▸ **Problem statement**
Each entry should be copied as it stands, leaving the pictures behind.

+++++

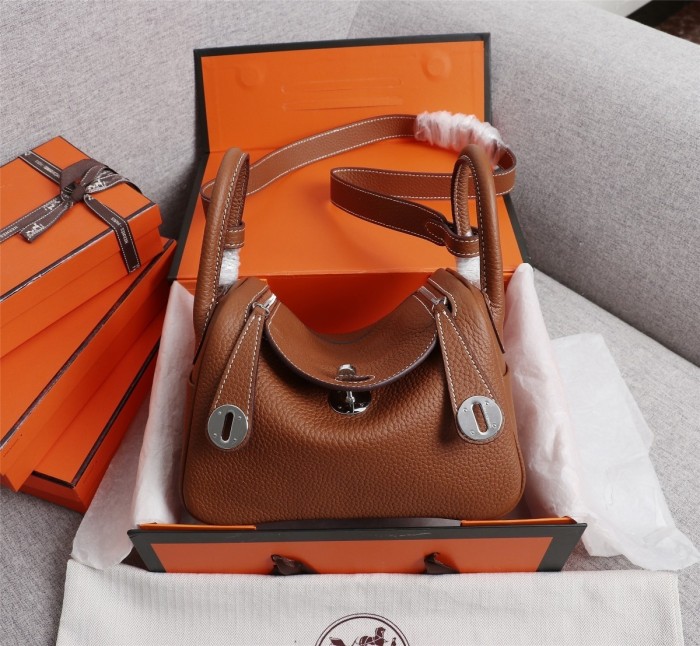 202203SS新作 エルメス Hermes レディースハンドバックスーパーコピー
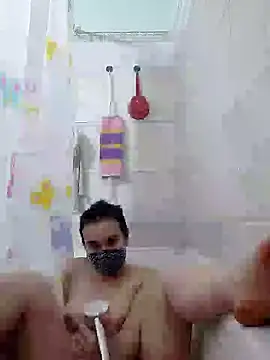 MikaKors online show from 01.21.25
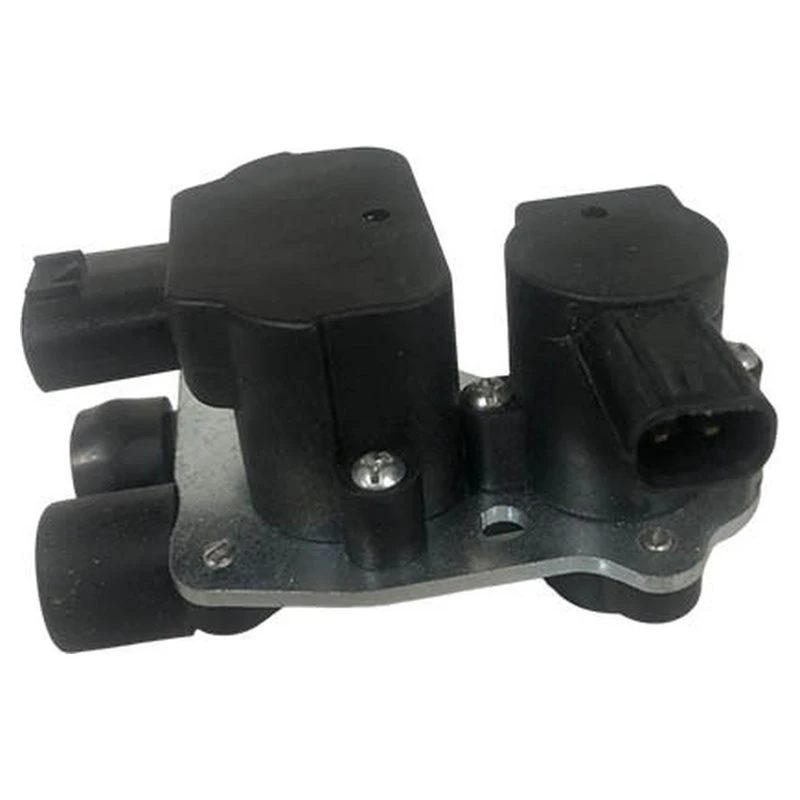 A80X-Car Height Control Valve Height Control Valve Height Control Valve For Toyota Prado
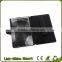 2016 mobile phone LCD LED flexible plastic magnifier,screen magnifier, mobile phone screen magnifier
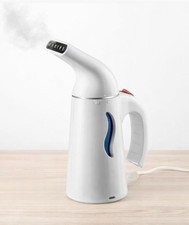 Handheld Clothes Steamer 800W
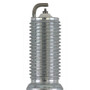 Champion Spark Plug Spark Plug 9665 - view 2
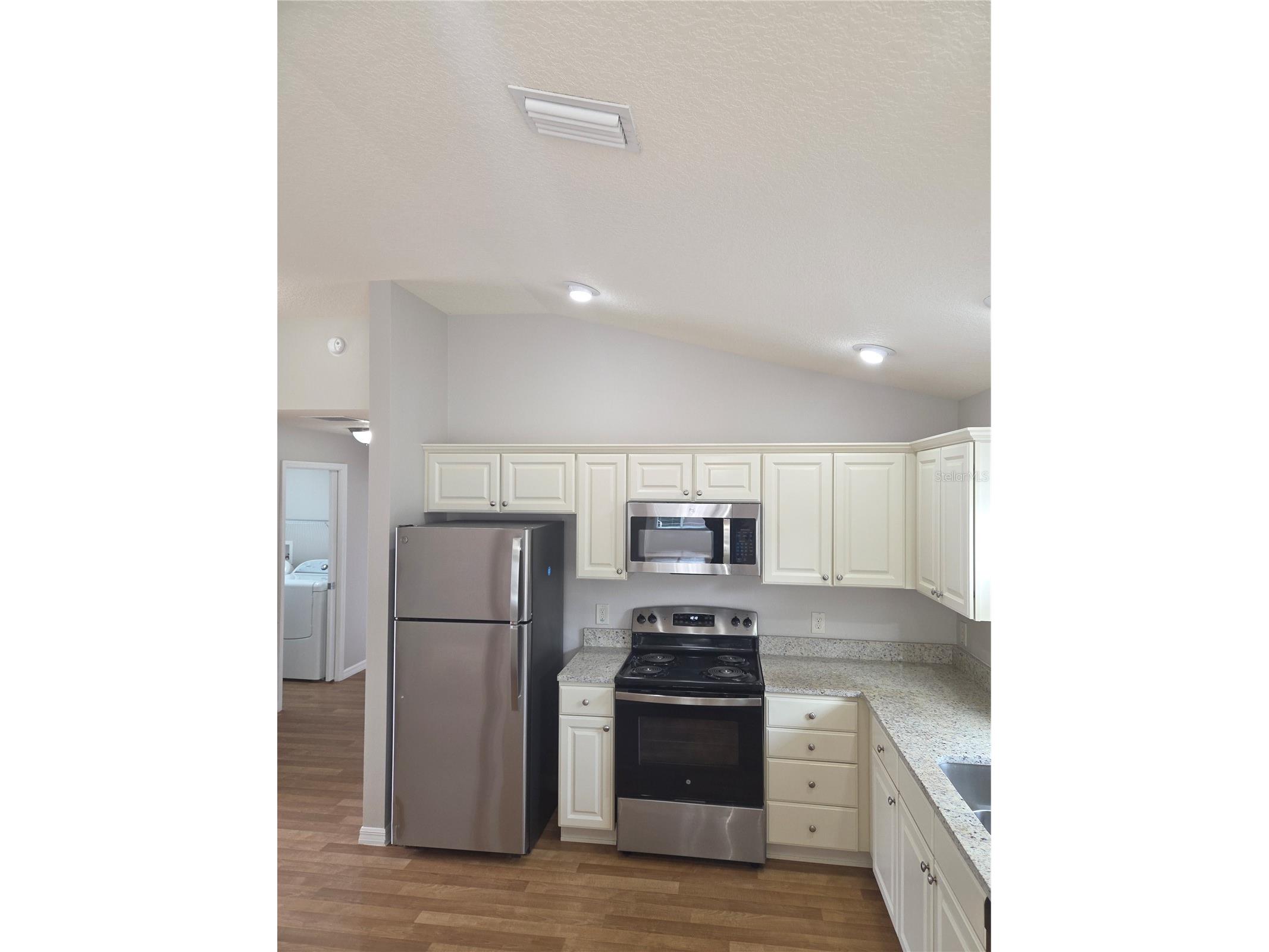 2294 Trailwinds Terrace The Villages FL 32162 G5105312 image4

+++++

▸ **Answer for this exercise**
 202203SS新作 エルメス Hermes レディースハンドバックスーパーコピー
 MikaKors online show from 01.21.25
 A80X-Car Height Control Valve Height Control Valve Height Control Valve For Toyota Prado
 2016 mobile phone LCD LED flexible plastic magnifier,screen magnifier, mobile phone screen magnifier
 Handheld Clothes Steamer 800W
 Champion Spark Plug Spark Plug 9665 - view 2
 2294 Trailwinds Terrace The Villages FL 32162 G5105312 image4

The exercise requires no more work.